▸ **ACTIVITY**
When you transcribe the listing that follows, keep every line exact and skip any picture.
┄┄┄┄┄┄┄┄┄┄┄┄┄┄┄┄┄┄┄┄
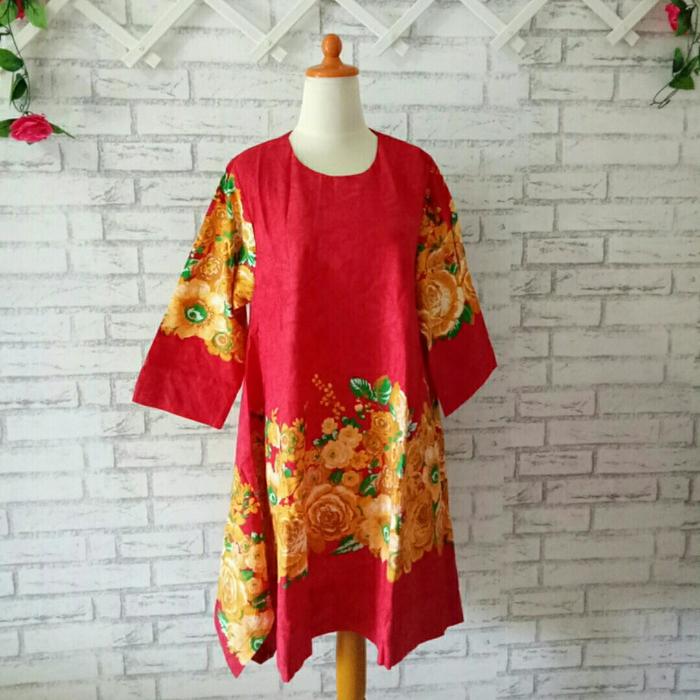 blouse tunik merah bunga big size/Tunik bunga big size/blouse bunga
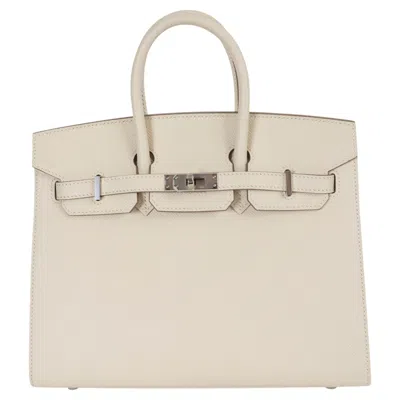 Pre-owned Hermes Craie Cream Epsom Leather Birkin 25 Sellier Tote Bag W Phw In White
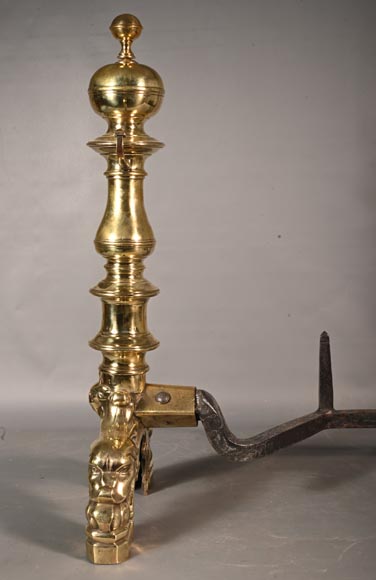 Pair of gilt bronze andirons-2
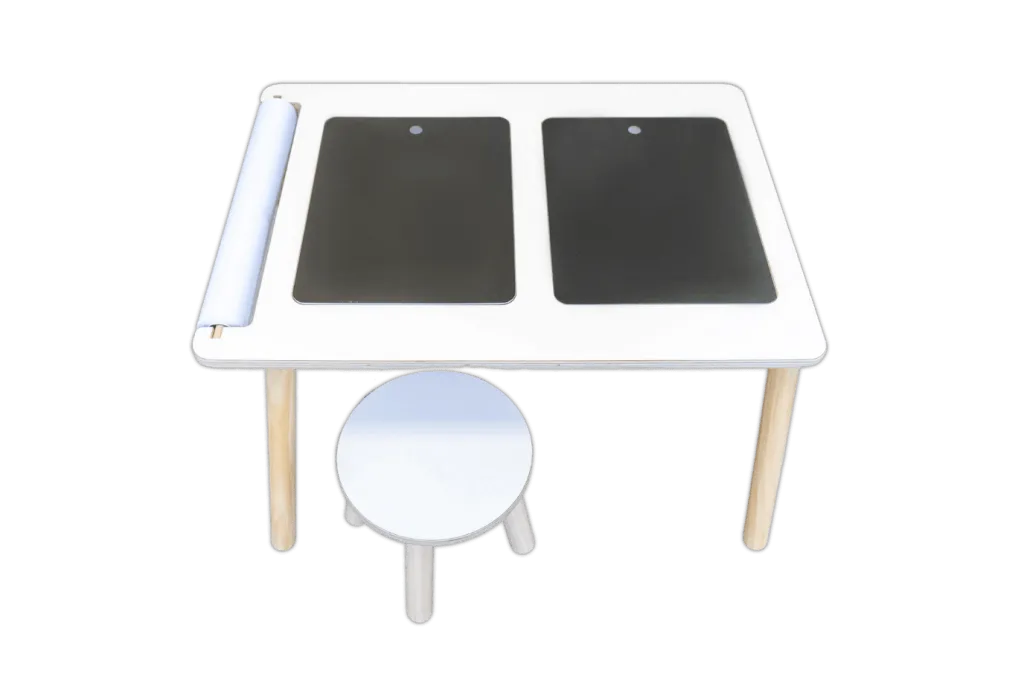 Sensory Bin Table and Stool (includes bins, cover, paper roll holder, and 25m of paper)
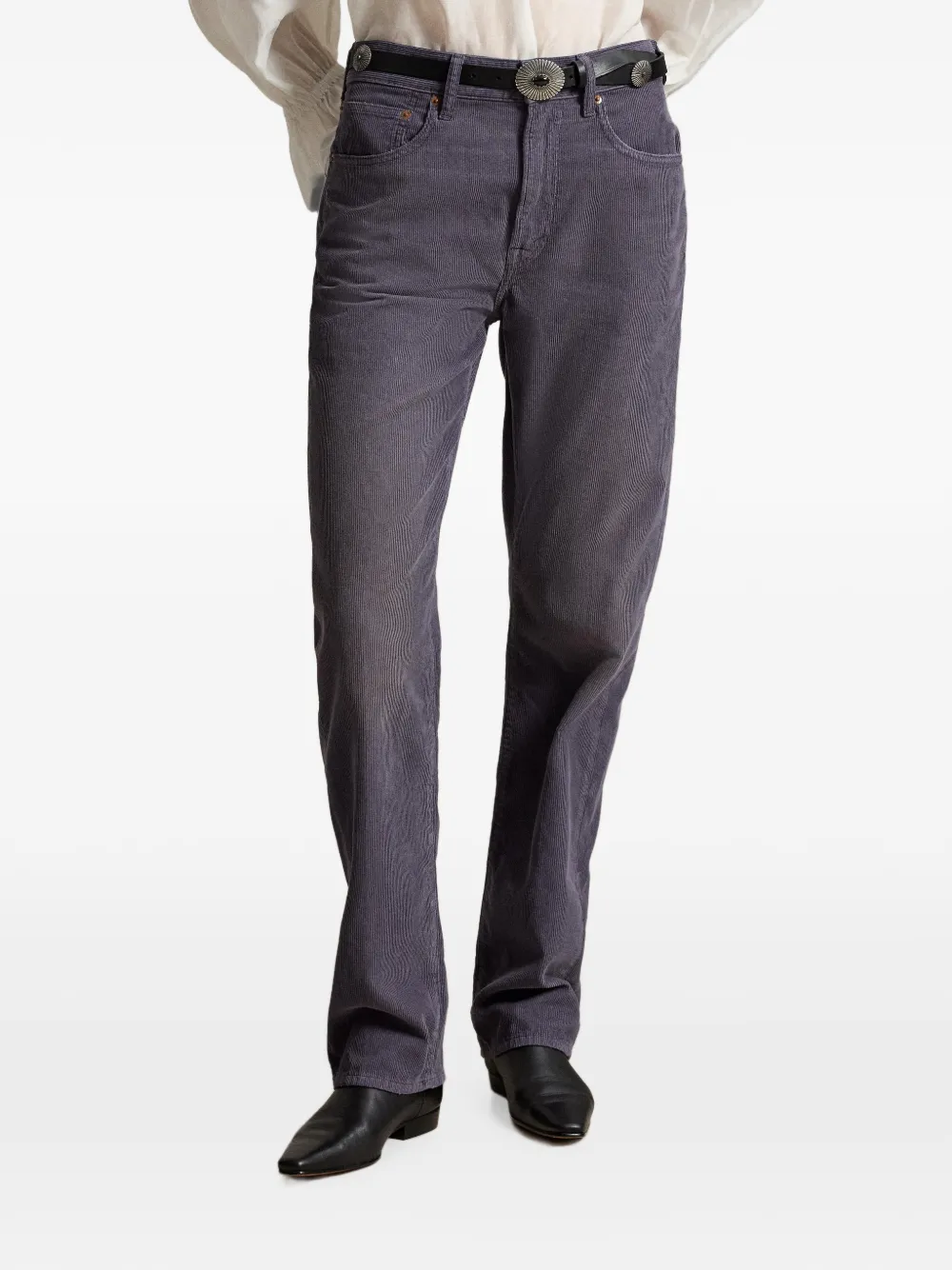 Polo Ralph Lauren Ribfluwelen ruimvallende straight broek Blauw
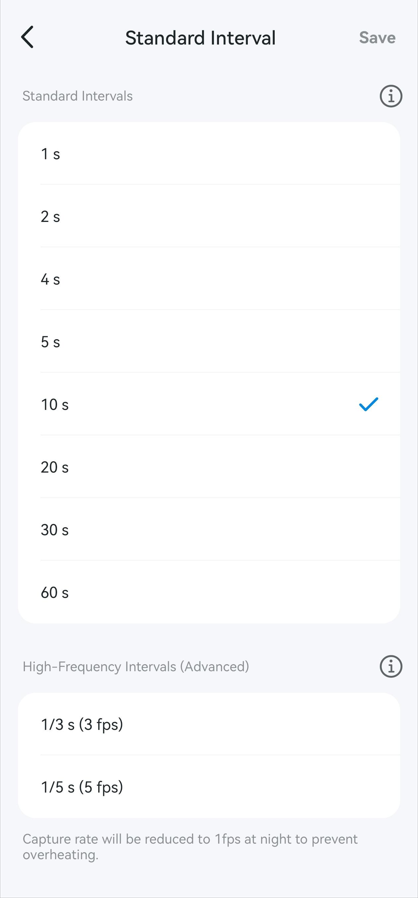 Select Intervals under Standard Mode.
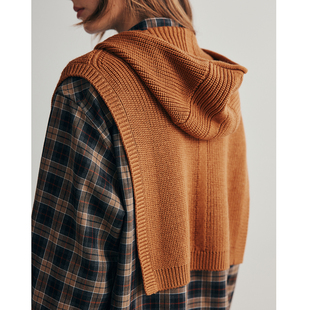 复古套头连帽羊毛保暖针织背心披肩女 凹造型B备 现货 叠穿神器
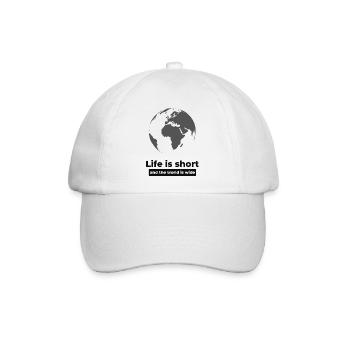 Life is short World - Baseballkappe - Weiß/Weiß - Vorne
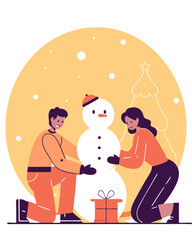 Family building a snowman under pastel winter stars.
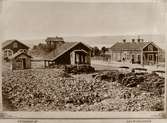 Frövi - Ludvika Järnväg, FLJ, Stationshus vid TGOJ, förutvarande FLJ, foto från 1890 talet. huset byggdes 1871 och revs 1907. Banvaktstuga i bakgrunden byggdes 1873 och revs 1958.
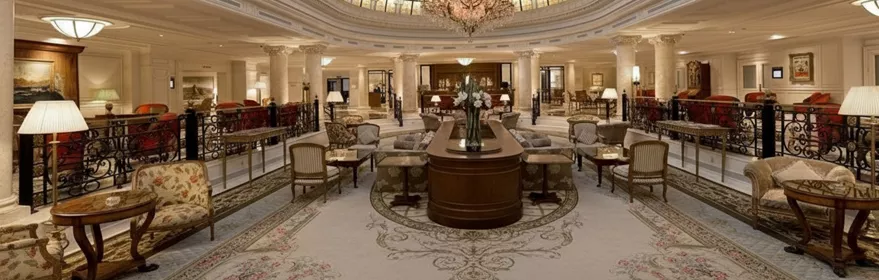 Gran salón con cúpula de vidrio decorada y lámpara central, rodeado de sillones clásicos.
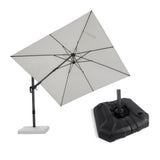 PURPLE LEAF Lateral Tilt Patio Umbrella with Base, 360° Swivel Cantilever Umbrella with Stand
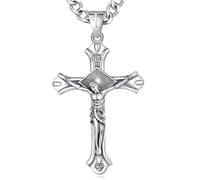 AEONSLOVE Colgante Cruz Hombre Crucifijo Collar Cruz de Plata de Ley 925 para Mujer Colgante Cristo Religioso Joyas Amuleto de Protección Regalo Católico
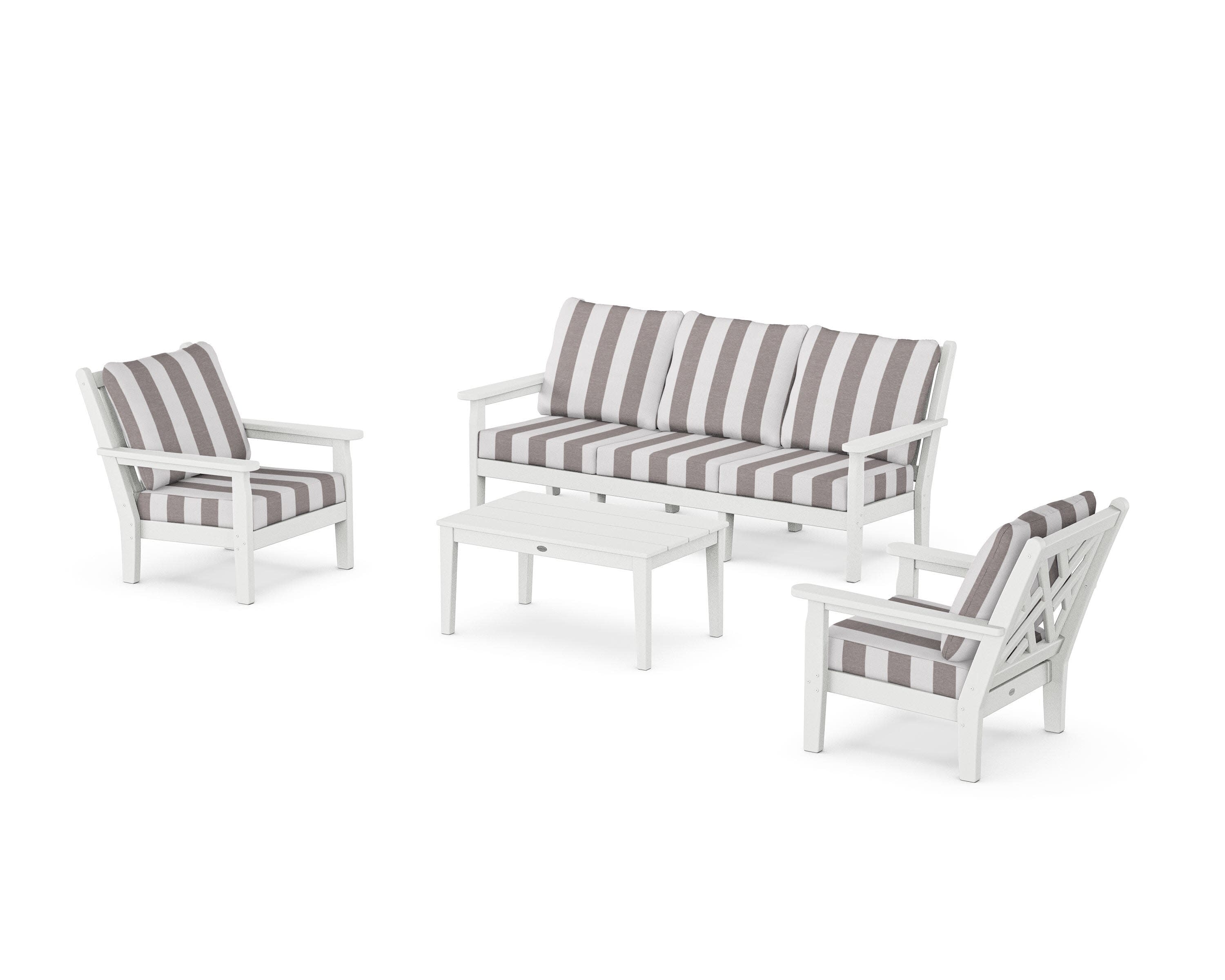 Chippendale 4-Piece Deep Seating Set with Sofa in White / Cabana Stripe Grey Mist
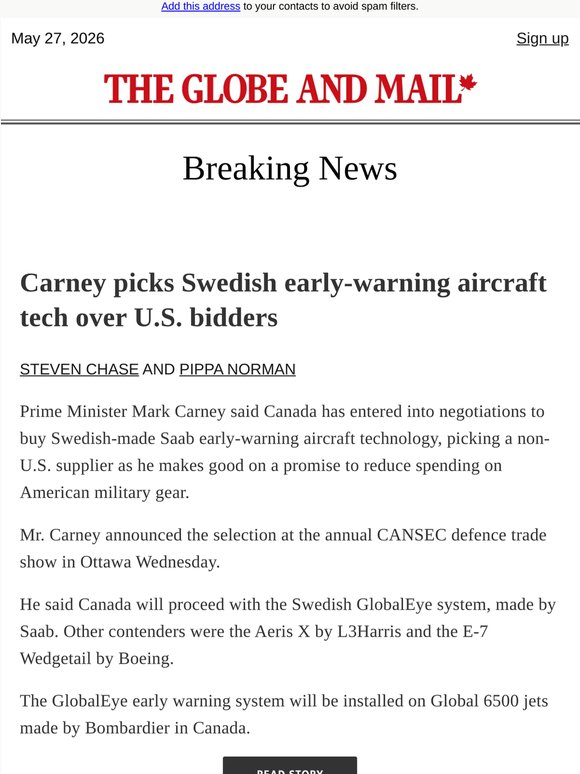Breaking News: Carney picks Swedish early-warning aircraft tech over U.S. bidders
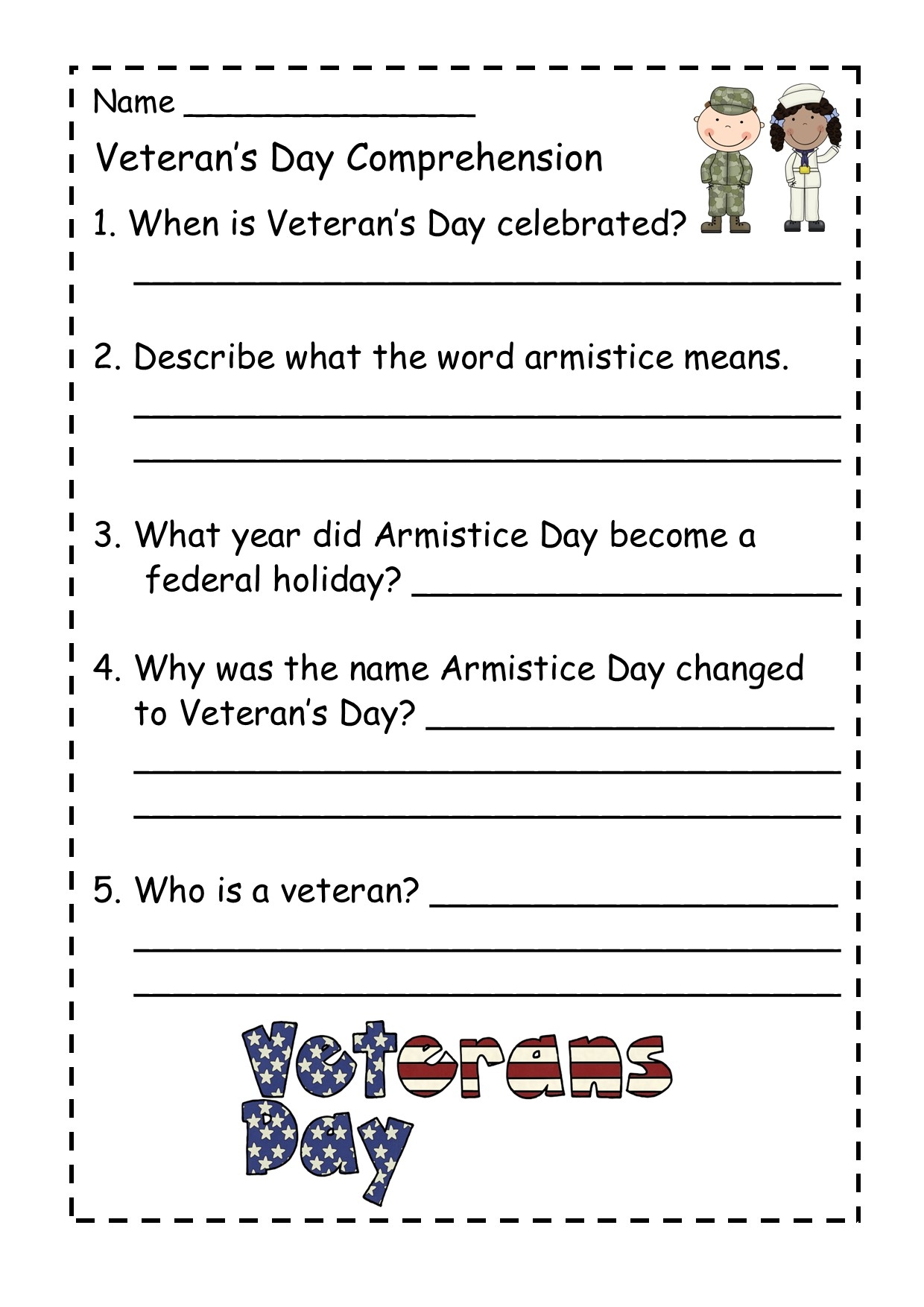 Veteran s Day Reading Comprehension Passage Made By Teachers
┄┄┄┄┄┄┄┄┄┄┄┄┄┄┄┄┄┄┄┄
▸ **SOLVED EXERCISE**
 blouse tunik merah bunga big size/Tunik bunga big size/blouse bunga
 Pre-owned Hermes Craie Cream Epsom Leather Birkin 25 Sellier Tote Bag W Phw In White
 Pair of gilt bronze andirons-2
 Sensory Bin Table and Stool (includes bins, cover, paper roll holder, and 25m of paper)
 Polo Ralph Lauren Ribfluwelen ruimvallende straight broek Blauw
 Select Intervals under Standard Mode.
 复古套头连帽羊毛保暖针织背心披肩女 凹造型B备 现货 叠穿神器
 Life is short World - Baseballkappe - Weiß/Weiß - Vorne
 Family building a snowman under pastel winter stars.
 Frövi - Ludvika Järnväg, FLJ, Stationshus vid TGOJ, förutvarande FLJ, foto från 1890 talet. huset byggdes 1871 och revs 1907. Banvaktstuga i bakgrunden byggdes 1873 och revs 1958.
 Gran salón con cúpula de vidrio decorada y lámpara central, rodeado de sillones clásicos.
 PURPLE LEAF Lateral Tilt Patio Umbrella with Base, 360° Swivel Cantilever Umbrella with Stand
 AEONSLOVE Colgante Cruz Hombre Crucifijo Collar Cruz de Plata de Ley 925 para Mujer Colgante Cristo Religioso Joyas Amuleto de Protección Regalo Católico
 Chippendale 4-Piece Deep Seating Set with Sofa in White / Cabana Stripe Grey Mist
Breaking News: Carney picks Swedish early-warning aircraft tech over U.S. bidders
 Veteran s Day Reading Comprehension Passage Made By Teachers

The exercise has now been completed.